Things you may not know about Oliver Cromwell
Oliver Cromwell in brief
When Oliver Cromwell was born in Huntingdon in 1599, there was nothing to show that he would become one of the most influential men in the history of Britain. His parents belonged to the lower ranks of the gentry and he grew up to be a famer and minor landowner.
In his 30s, he turned strongly to Puritanism and, in parliament, become known for his outspoken views on the monarchy and the Church. However, it was his success as a soldier in the Civil Wars that lifted him to power.
Although Cromwell had no previous training as a soldier, as a cavalry officer he rose through the ranks of the Parliamentarian Army to become one of its leading commanders. He also supported lower-class men being promoted to commands, if they were godly and capable, making a stir among the generals!
Cromwell was good at tactics and strategy.
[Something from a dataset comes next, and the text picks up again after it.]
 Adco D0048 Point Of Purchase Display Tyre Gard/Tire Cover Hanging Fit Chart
He was key in parliament's victory at Marston Moor in 1644 and Naseby in 1645. Cromwell appeared to have an amazing ability to make his men believe in themselves; his certainty that they had God on their side led to their wonderful success as a fighting force.
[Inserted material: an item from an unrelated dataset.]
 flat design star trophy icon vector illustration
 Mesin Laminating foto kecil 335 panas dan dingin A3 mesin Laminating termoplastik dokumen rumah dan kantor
Cromwell's life as a statesman, and the first ever non-Royal ruler of England, seems extraordinary when one thinks of his humble beginnings. During his time as Lord Protector, England enjoyed a greater amount of personal religious freedom than it had for years before or after; laws were made to be more humane and judges more honest. However, he also clamped down on drinking, gambling and playing games on a Sunday, which made him unpopular with many ordinary people.
Cromwell could be ruthless in battle and his brutal actions in crushing opposition in Ireland were to cause great bitterness between the Irish and English. Yet there have been very few men able to hold such great power as Cromwell had, without abusing it - and even fewer would have turned down the chance to become king of England!
Since his death in 1658, his motives and actions have been the subject of much debate. Whatever you feel about the man and his actions, for good or bad, his importance in one of the most troubled times of British history is not in doubt.